Bus Stop! At LtD Caribbean Sailing School
the conductor hollers as he hangs out the door of the Toyota van, barely slowing down. We have been waiting to hear the name of our village and finally our bus is here! We step to the street and signal to the driver.
The bus already has 10-12 people on board but I’ve counted 20 or more on a busy evening. The conductor orchestrates our seating arrangement according to size, weight and destination.This happens quick: one person hops out, you jump to the back, another scoots over, babies and packages are passed back and forth, the first person jumps back in again – like a human game of Tetris. In a country that prides itself in slowing down, I find this procedure a little ironic.
The Soca music is blaring and no one says a word except a loud “Bus stop!” when a rider is approaching a destination. The bus slows, the rider scrambles out pressing a coin into the waiting hand. Once I made the mistake of paying with the wrong coin and the conductor chased after me. I paid too much. The Barbados dollar I gave him was worth twice as much as I owed.

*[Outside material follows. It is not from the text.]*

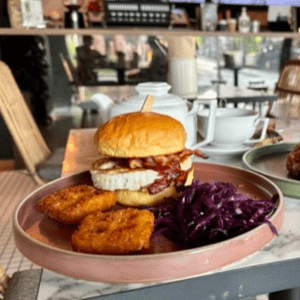 sandwich with egg and bacon at an Orchard road restaurant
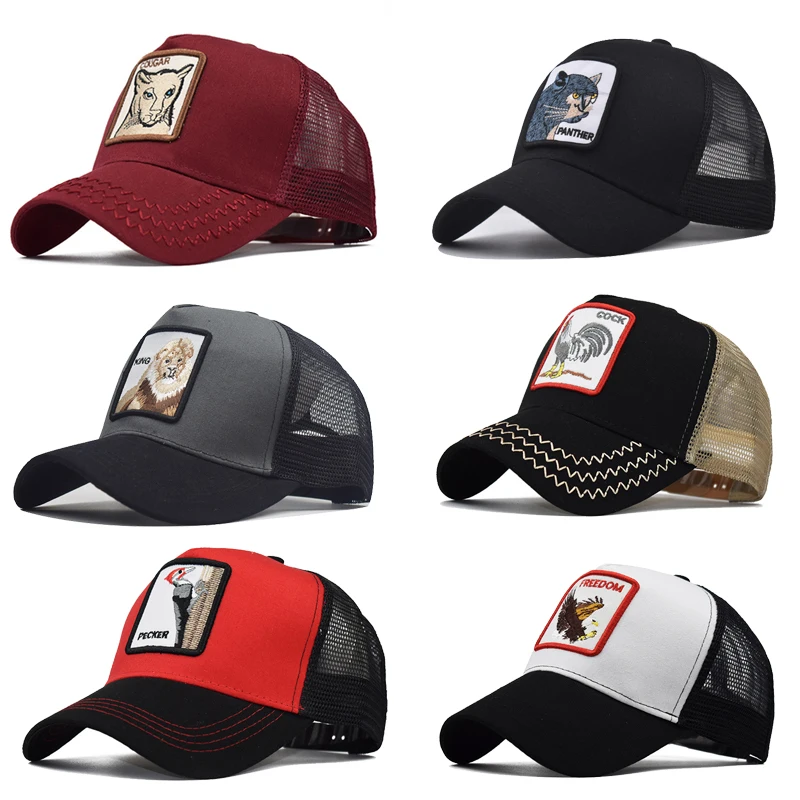 

Embroidery Animals Baseball Cap for Men Mesh Cotton Patchwork Summer Men Caps Outdoor Snapback Trucker Hats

Riding the dollar bus is such a part of the culture on the islands. St. Vincent, Bequia, and Grenada all have a form of this type of transportation system. No schedule, no official bus stops and no route map. The names of the buses vary and you wonder about the message behind the names like Uncle Man. Con Quest and Blingie. The monikers are as colorful as the artwork on these people movers. If you see one coming, wave them down and be ready to jump in! Hold on, here we go!